Scraped caption text data
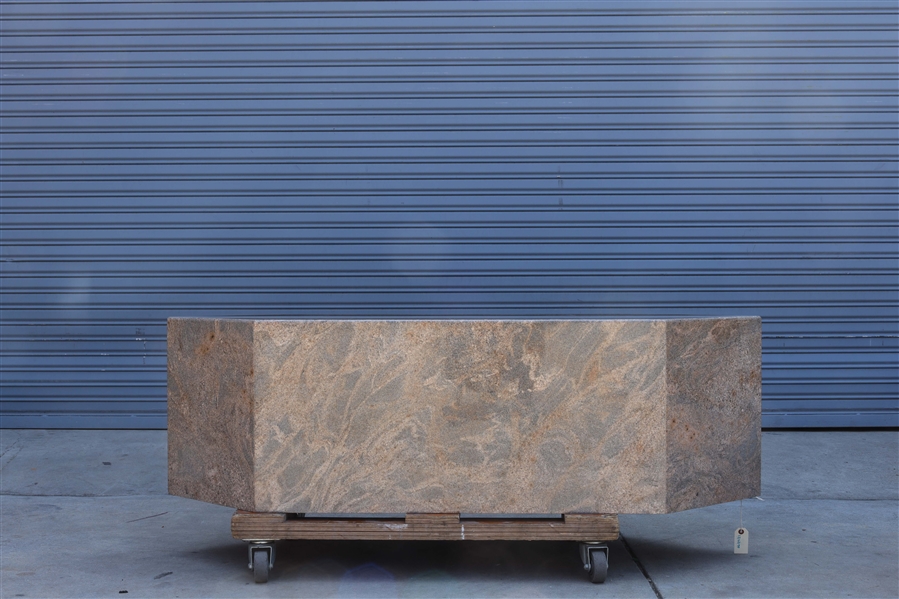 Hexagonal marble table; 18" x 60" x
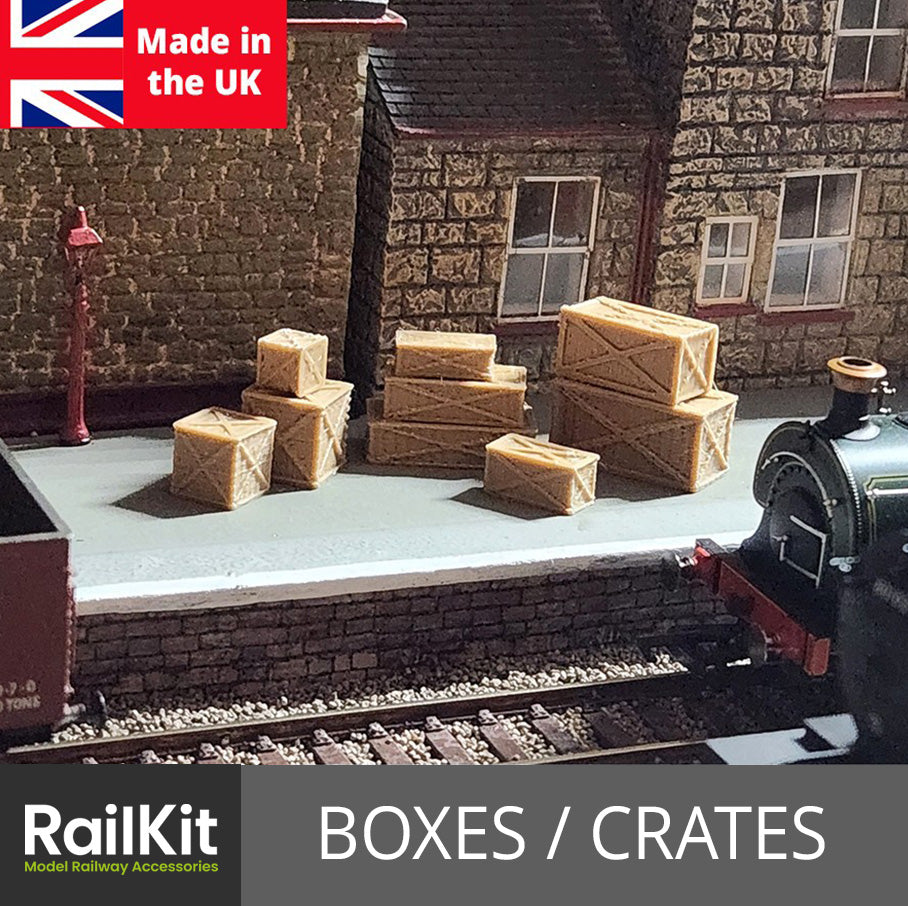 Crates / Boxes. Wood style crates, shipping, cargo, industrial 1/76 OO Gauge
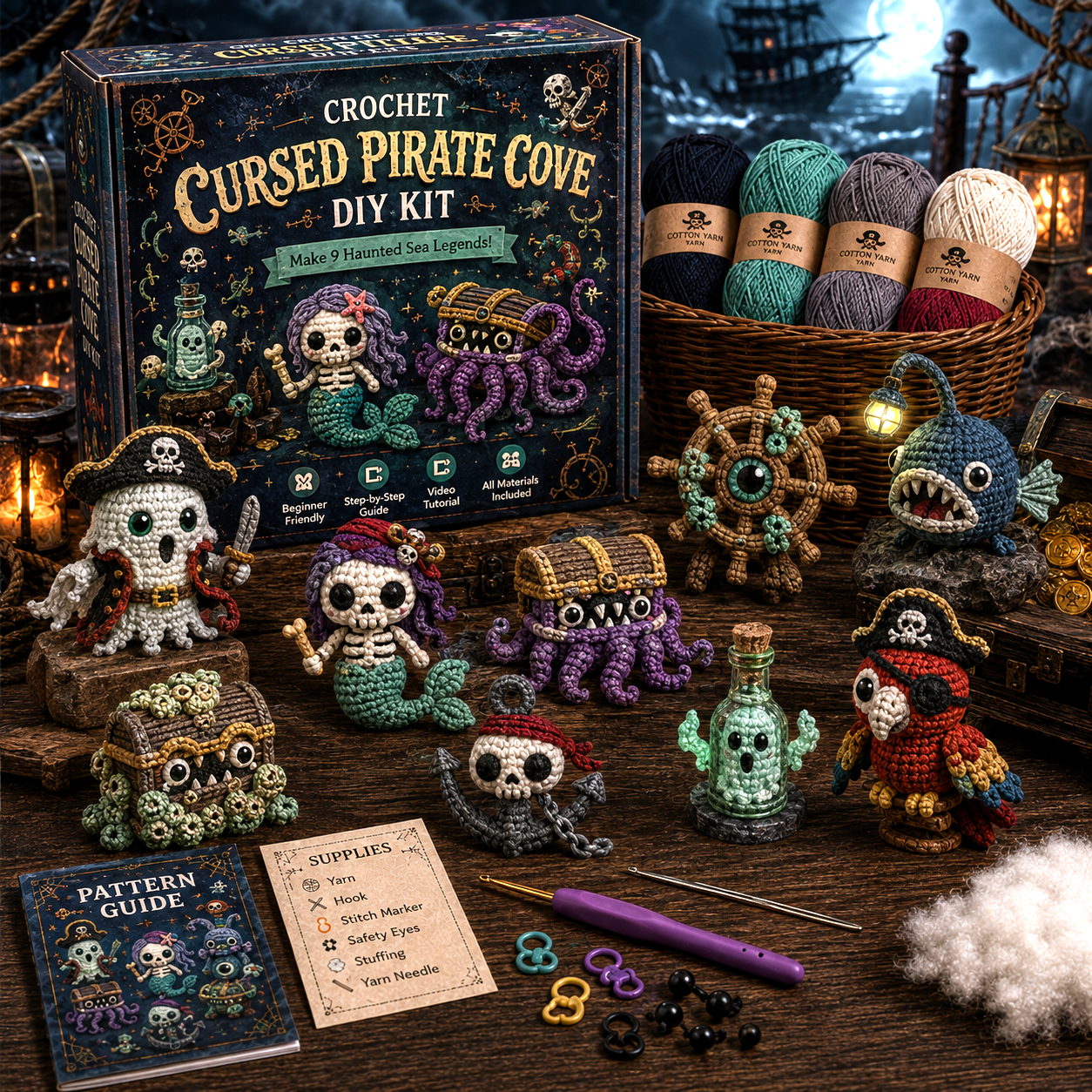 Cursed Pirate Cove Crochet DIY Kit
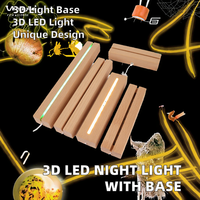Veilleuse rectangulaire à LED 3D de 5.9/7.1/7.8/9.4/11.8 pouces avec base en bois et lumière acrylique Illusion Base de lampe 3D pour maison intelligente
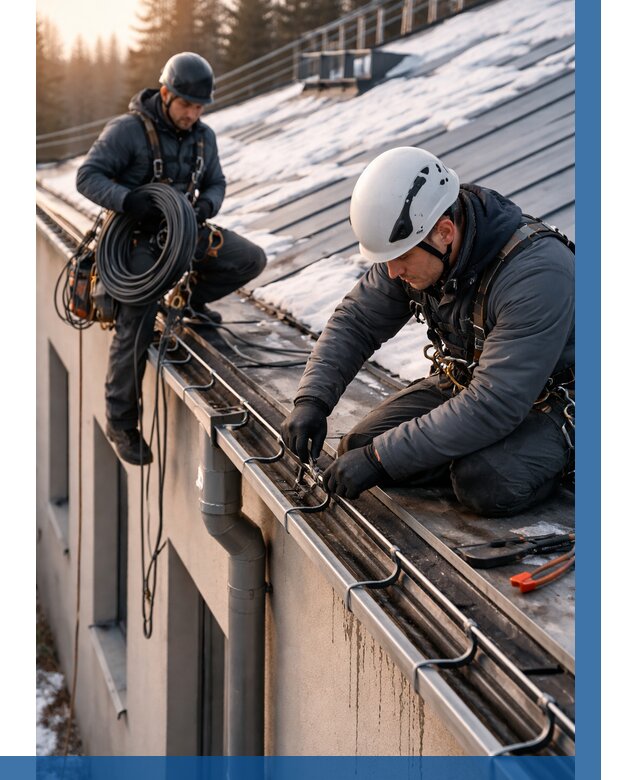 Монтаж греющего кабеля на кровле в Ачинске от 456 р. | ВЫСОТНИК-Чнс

» TASK DESCRIPTION
With images left out, the data must be transcribed exactly.

» RESPONSE AREA
 Hexagonal marble table; 18" x 60" x
 Crates / Boxes. Wood style crates, shipping, cargo, industrial 1/76 OO Gauge
 Cursed Pirate Cove Crochet DIY Kit
Veilleuse rectangulaire à LED 3D de 5.9/7.1/7.8/9.4/11.8 pouces avec base en bois et lumière acrylique Illusion Base de lampe 3D pour maison intelligente
 Монтаж греющего кабеля на кровле в Ачинске от 456 р. | ВЫСОТНИК-Чнс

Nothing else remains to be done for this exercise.